Deploying Terraform at scale with GitHub Actions

Have you wondered what is the best workflow to use open-source Terraform at scale? In this blog post, I'll walk you through my favorite workflow using GitHub Actions. I'll deploy to Azure, but the same workflow can be adapted with other cloud providers.

TLDR; I wrote a Terraform composite action that you can just plug into your GitHub workflow to make this happen. Jump ahead to Putting it all together section.

Background

Here's the thing with GitHub - it favors automation running from pull requests and issues. For example, with other systems, Azure DevOps and GitLab, engineers can create "stages" to be able to separate environments and promotion through environments. And while GitHub has "environments" and "stages," I don't find them as effective as the other competing platforms. Even if it did, I like the pull-request workflow because it addresses some of the challenges I experienced at scale.

At scale, I ran into the following challenges:

Accountability - For companies not interested in paying for Terraform Cloud, having other engineers consistently review the Terraform plans can be difficult. Making engineers go to a pipeline log to view the Terraform plan reduces the experience and increases the chance that someone will blindly approve without looking closely at the plan.
Really large Terraform plans - While very much discouraged, sometimes they happen.
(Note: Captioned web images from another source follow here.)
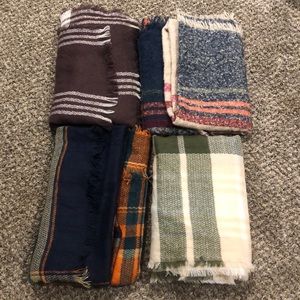 Lot of 4 Blanket Scarves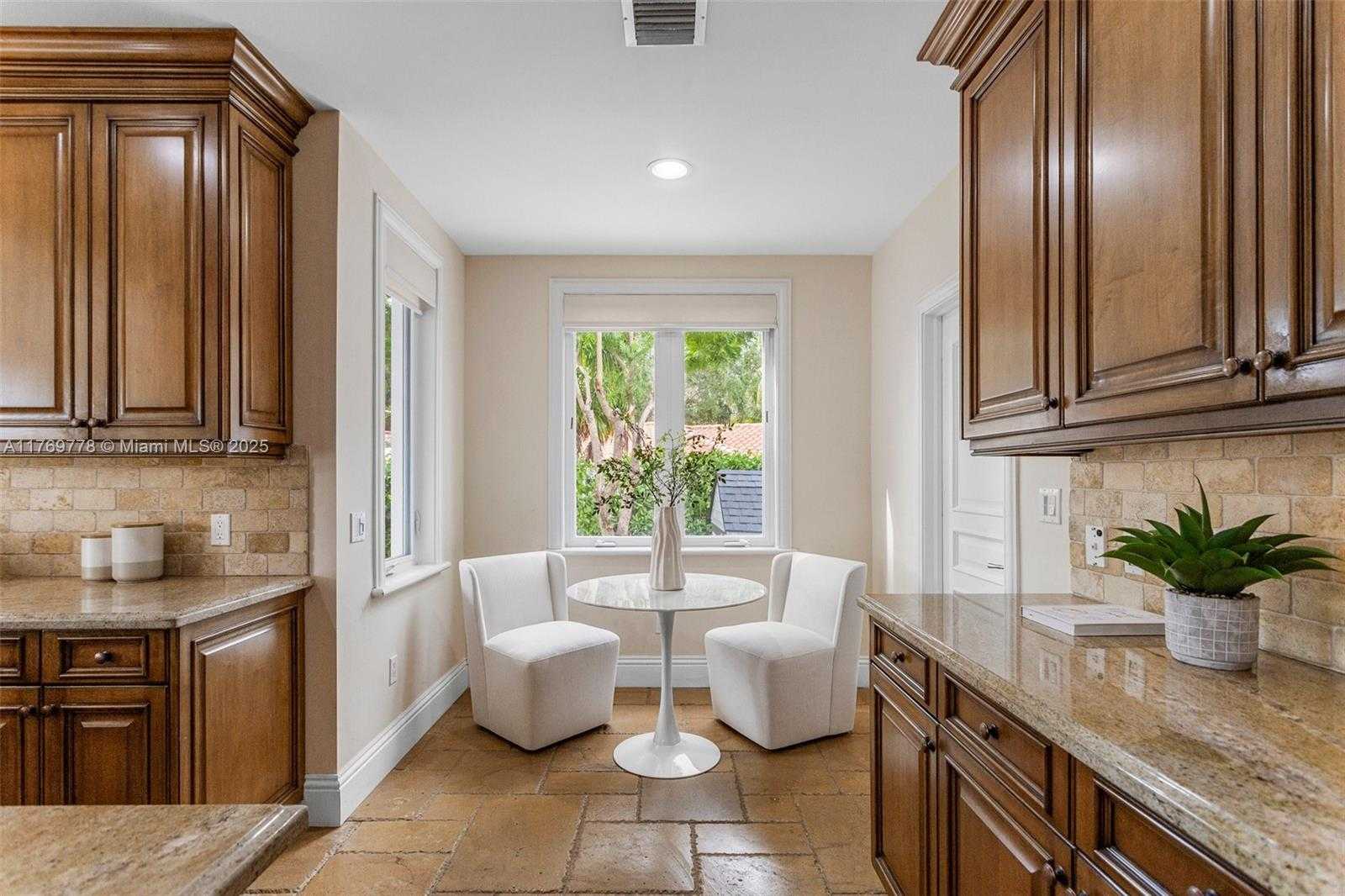 Small Image of 13061 DEVA ST, Coral Gables Number 28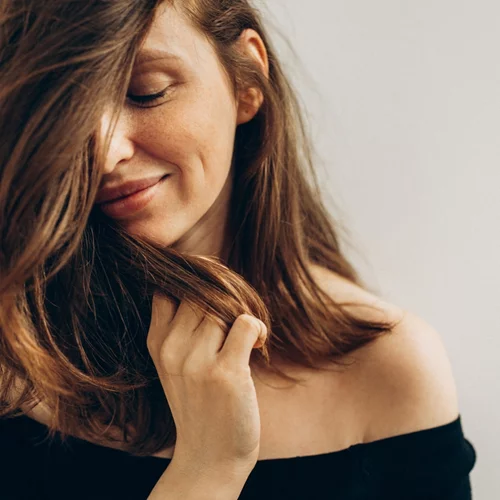 Σε κάνουν να δείχνεις μεγαλύτερη - Αυτά τα 5 λάθη με τα μαλλιά προσθέτουν χρόνια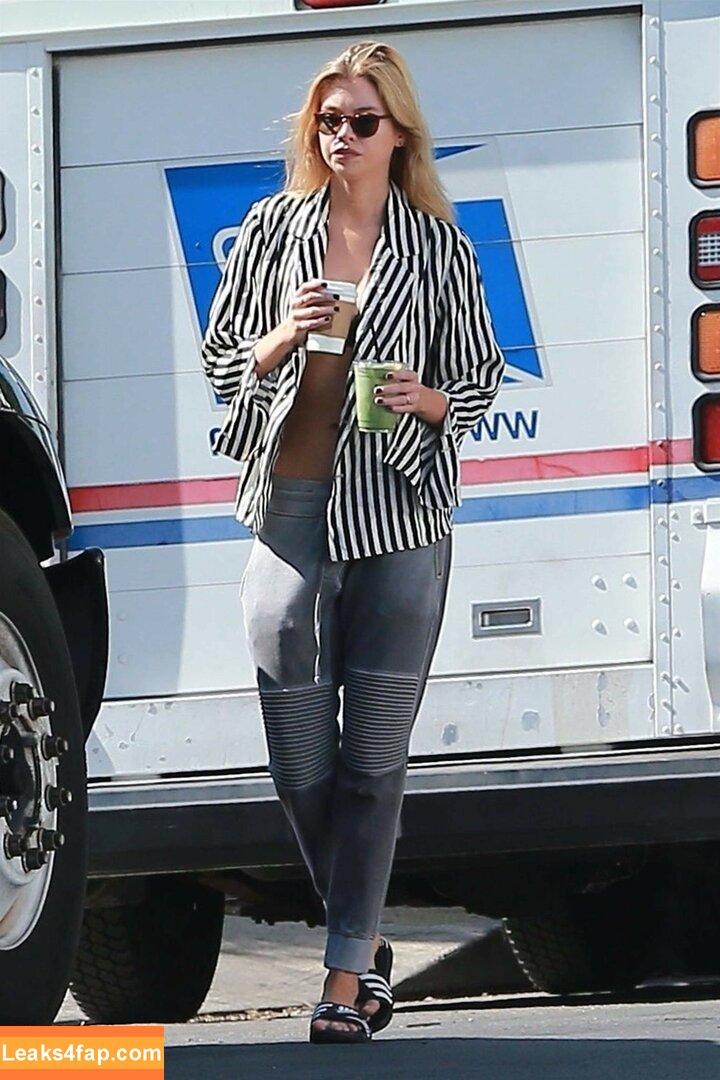 Stella Maxwell / stellamaxwell слитое фото фото #0195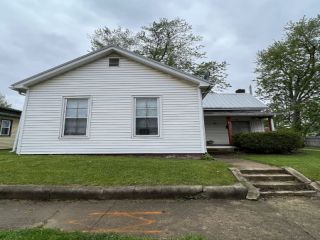Foreclosed Home - 411 WALLACE AVE, 47933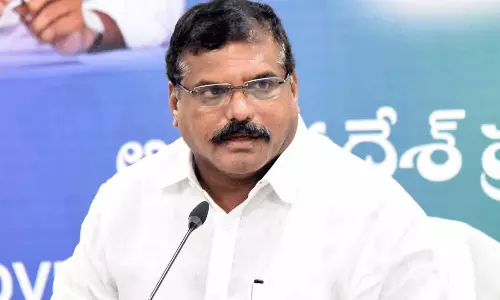 వైఎస్ షర్మిళ రాకపై బొత్స హాట్ కామెంట్స్!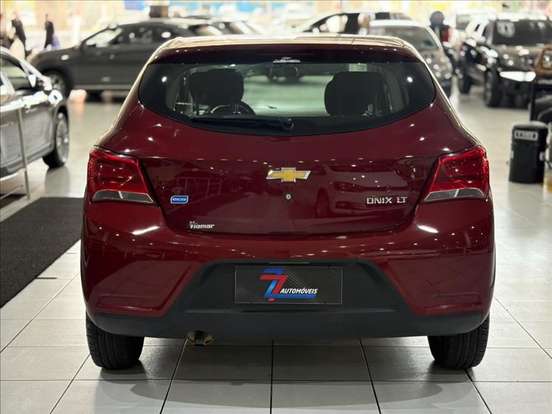 CHEVROLET-ONIX-2017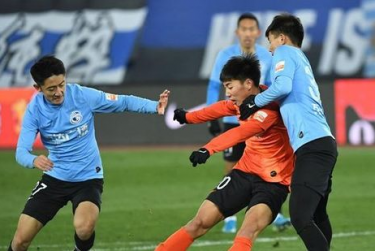 乐鱼体育官网怎么样,俱乐部为球员准备特别训练服纪念这场胜局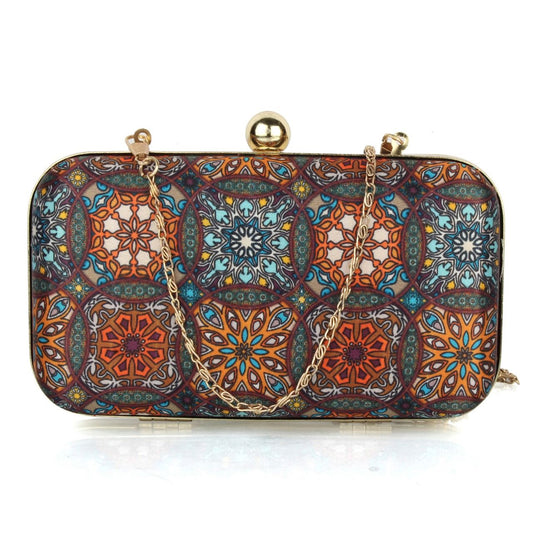 clutch bag- circle print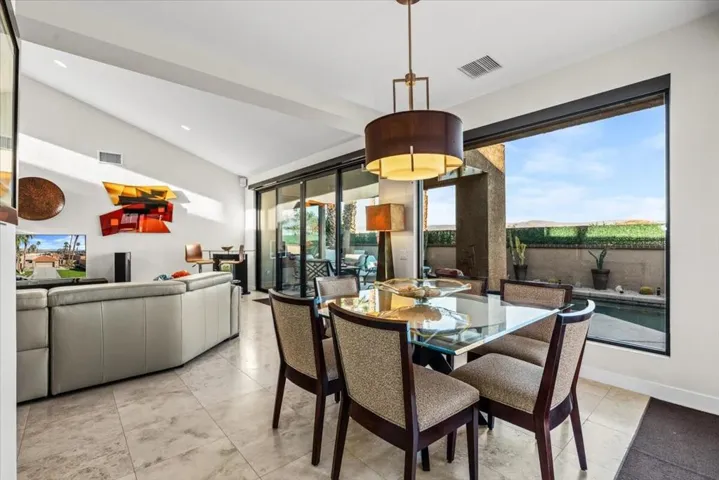 11-11 Vista Loma Dr-52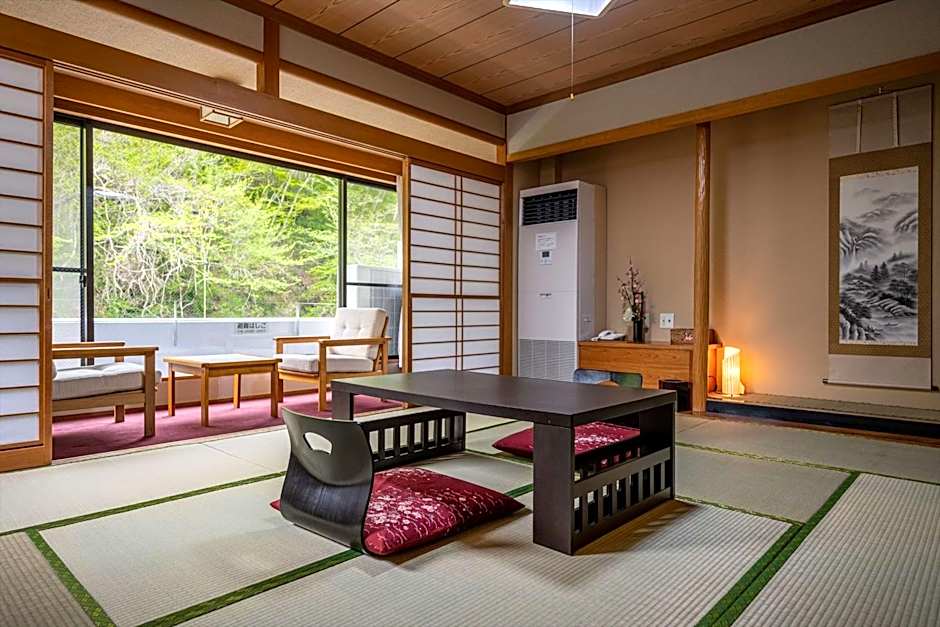 Nikko Nationalpark Kawamata Onsen KURA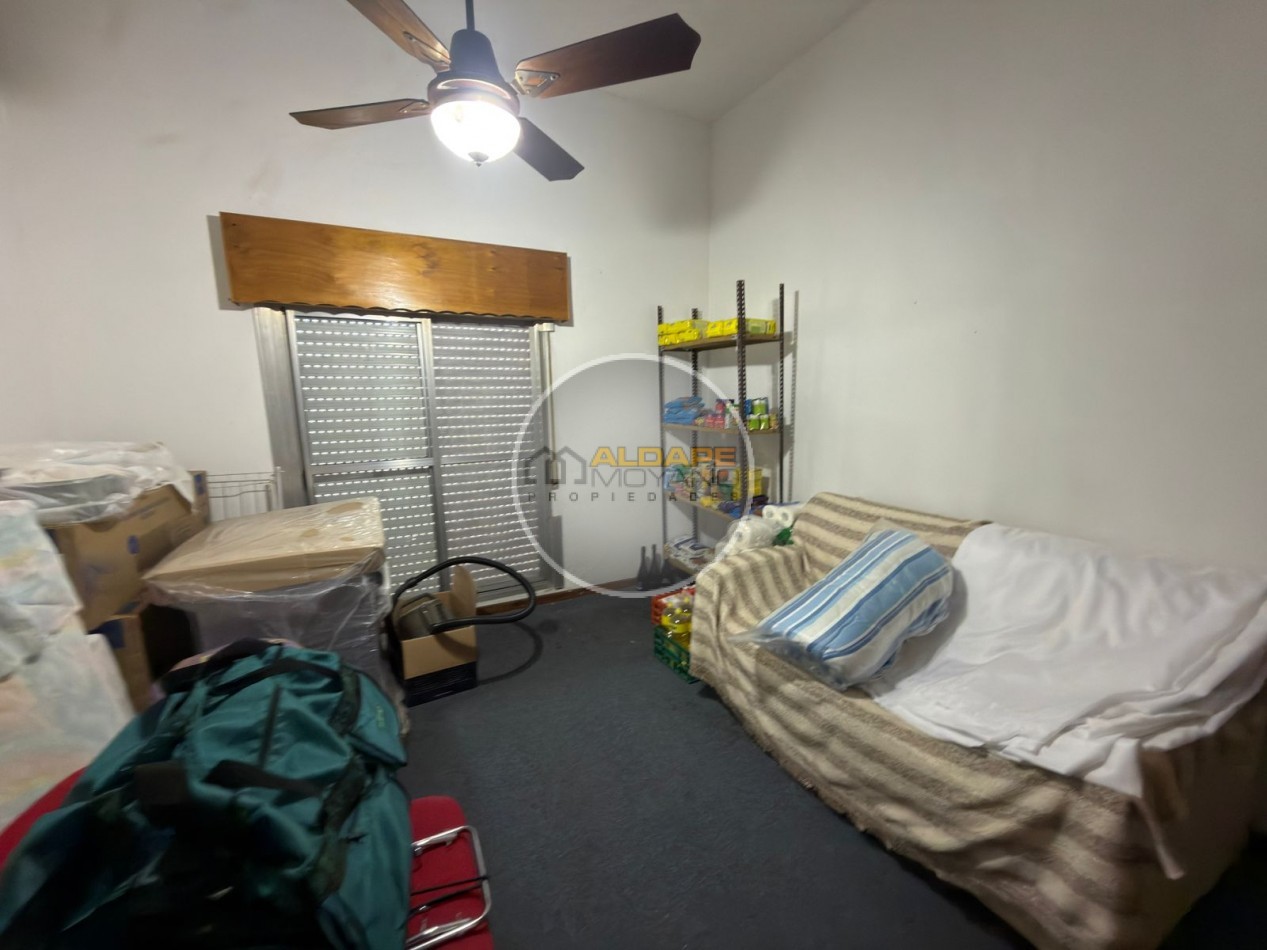 Se vende Casa, subdividada, ideal multifamilar, con cochera y quincho. (excelente estado)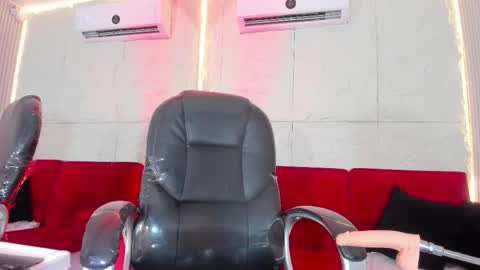 Marelyn online show from February 20, 2026, 5:02 pm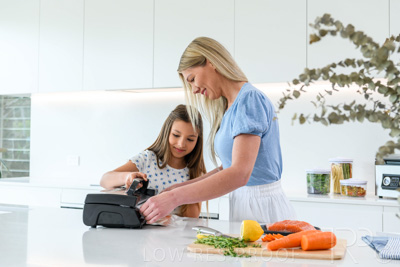 November 2021 / PROLINE_218_211112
Big bang Terraform deployments are sometimes unavoidable on the first promotion to an environment.

Note: This content was inspired by the README of the setup-terraform action and experiences in the real world.

What guide is not

A beginner guide on Terraform
An introduction to how to create GitHub Workflows/Actions
A how-to on creating a simple pipeline that deploys to Azure

The process

This process uses a trunk-based branching strategy. Environments like "dev", "test", and "prod" are isolated via folders and there's a single long-lived branch, main.

.
├── production
│   └── main.tf
└── staging
    └── main.tf

Why folders? I find it the most elegant, and it's a whole topic. It also works well with a pull-request workflow. If you wonder about the advantages of separating different environments via folders vs. branches vs. workspaces, then Yevgeniy Brikman recently wrote an in-depth blog post series on this topic.

So, here's what the process would look like.

When someone opens a pull request, a GitHub workflow will kick off and run terraform plan.
When someone merges the pull request against main, the same GitHub workflow will kick off and run both terraform plan and terraform apply.
Depending on what files under which environment folder were changed, a different GitHub workflow will trigger. For instance, if someone changes the Terraform code inside the staging environment folder, it will trigger the staging GitHub workflow for the staging environment.

Note: Terragrunt will help you keep code DRY, but it's certainly not a requirement to use Terragrunt for environmental folders.

Writing the GitHub Actions

1. The trigger

When someone changes a Terraform file in the environment folder, trigger the appropriate action. You'll need a GitHub workflow file per environment.

# .github/workflows/staging.yaml
name: 'Terraform - Staging'

on:
  push:
    branches:
    - main
    paths: 
    - staging/**
  pull_request:
    branches:
    - main
    paths: 
    - staging/**

2. Create a GitHub environment

Under the settings of the repository you're using, create an environment like "Staging." Then, if you're deploying to Azure, you can create an Azure Service Principal and set secrets like CLIENT_ID and CLIENT_SECRET for the new environment. By having secrets scoped to the environment, you can use separate service principals per environment.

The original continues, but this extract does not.